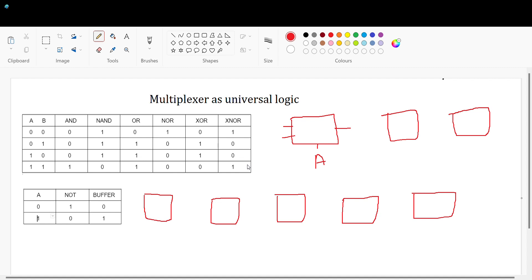On the left-hand side I have taken a truth table for all the gates — AND, NAND, OR, NOR, XOR, XNOR, NOT gate, and buffer gate. I have taken all the gates and we will implement them now. This is the 2-to-1 MUX.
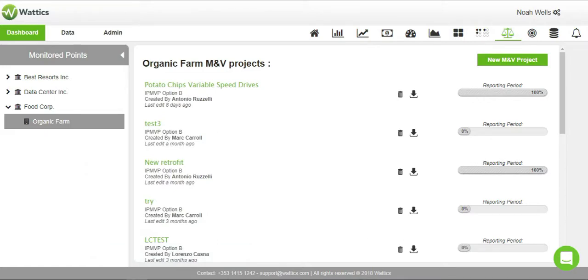Welcome to Wattix. In this video, we will cover the features of the Measurement and Verification tab.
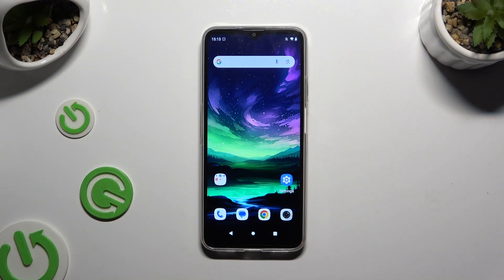In front of me is the Cubot Note 50, and today I would like to show you how you can switch on or off auto-correction.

TASK INSTRUCTIONS: Reproduce the data above word for word, but leave the images out.

WRITTEN RESPONSE:
On the left-hand side I have taken a truth table for all the gates — AND, NAND, OR, NOR, XOR, XNOR, NOT gate, and buffer gate. I have taken all the gates and we will implement them now. This is the 2-to-1 MUX.
Welcome to Wattix. In this video, we will cover the features of the Measurement and Verification tab.
In front of me is the Cubot Note 50, and today I would like to show you how you can switch on or off auto-correction.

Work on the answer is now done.